In the book I read, it gives me an example about the relation between spatial wave function and the counterpart in momentum space for free particle. Just like what you presented, they are related by Fourier transformation. But is this always true for any particle in any environment? Because it use free particle as example, I wonder if it is still true to derive a momentum wave function by Fourier transformation on the given spatial wave function even it is in a potential well?

Yes. Their relation as Fourier transformations of each other just follows from the expression $\lvert p \rangle = \int \mathrm{d} x \, e^{ipx} \lvert x \rangle$. This is just a statement that a momentum state corresponds to a de Broglie wave in position space. It's practically a postulate of quantum mechanics. The operator commutation relation $[X, P] = i \hbar$ amounts to saying the same thing.
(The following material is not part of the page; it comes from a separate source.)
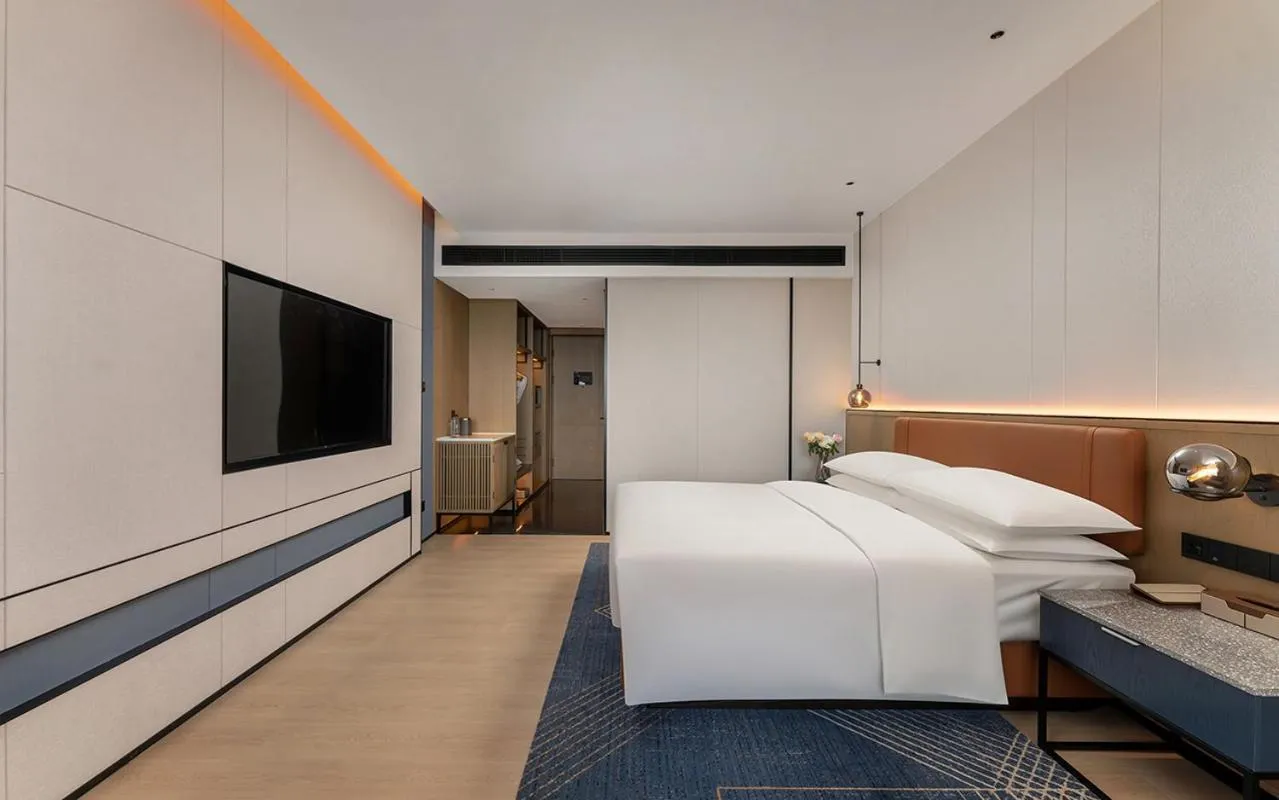 Bed in Four Points by Sheraton Dali, Erhai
One more question on your statement " They're just different ways of writing the same state. You can expand any state vector $\lvert \psi \rangle$ in the position basis in terms of its wavefunction ...". The state vectors in Hilbert space is still confusing me. I saw the statement often in the text that we write the position state vector in the spin-1/2 space and something like that. In my mind, I always use the Cartesian coordinates as example to understand this. In 3D Cartesian, we could use any 3 vectors such that any other vectors could be written in terms of those 3 vectors. So it is not hard to understand your statement, we could expand a state vector in some basis ... For momentum and position, they are physically associated by Fourier transformation, that's easy to understand. But for spin and position, what's the physics to connect them so I can write one in the other basis? Also, I have a doubt that for spin1/2 along z direction, it only has two orientation so the state vector has 2 components, but position state should be 3D and has 3 components, how can we write a 3D state vector in terms of 2D one?
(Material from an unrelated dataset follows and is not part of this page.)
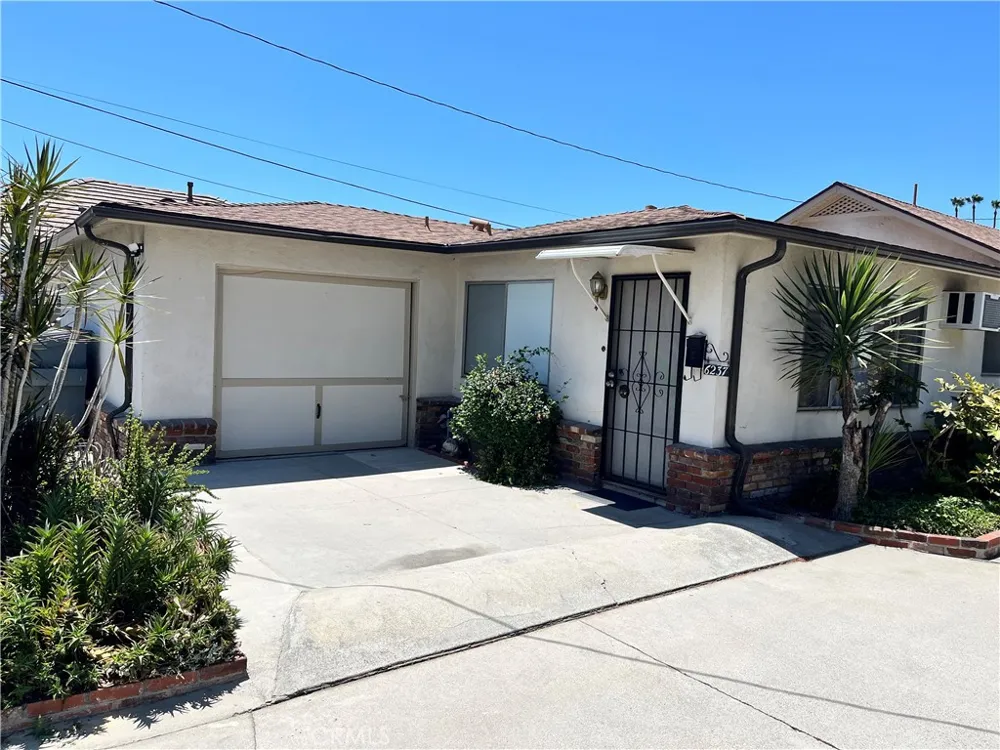 6237 Oak Temple City, CA 91780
Spin and position/momentum are just different degrees of freedom and aren't directly related to each other in quantum mechanics the way position and momentum are to each other. A spin 1/2 particle simply has a position/momentum state and a spin state, so its full state vector in 3D space might be written as something like $$\lvert \Psi \rangle = \int \mathrm{d}x \int \mathrm{d}y \int \mathrm{d}z \sum_{s \in \{\uparrow,\, \downarrow\}} \Psi(x, y, z, s) \lvert x \rangle \lvert y \rangle \lvert z \rangle \lvert s \rangle \,,$$
with a wavefunction $\Psi(x, y, z, s)$ that depends on the $x$, $y$, and $z$ coordinates and on the spin state $s$ which can be $s = \uparrow$ or $s = \downarrow$.

If you just concentrate on the spin 1/2 states, by the way, different spin projections are also related to each other similar to how position and momentum states are related to each other. For example, if you call the $z$-projection spin states $\lvert \uparrow \rangle$ and $\lvert \downarrow \rangle$ ("spin up" and "spin down"), and you call the $x$-projection spin states $\lvert \rightarrow \rangle$ and $\lvert \leftarrow \rangle$ ("spin right" and "spin left"), then they're related by $$\begin{eqnarray}
\lvert \rightarrow \rangle &=& \frac{1}{\sqrt{2}} \bigl( \lvert \uparrow \rangle + \lvert \downarrow \rangle \bigr) \,, \\
\lvert \leftarrow \rangle &=& \frac{1}{\sqrt{2}} \bigl( \lvert \uparrow \rangle - \lvert \downarrow \rangle \bigr)
\end{eqnarray}$$
(where I'm imagining that "up" is the $+z$ direction and "right" is the $+x$ direction).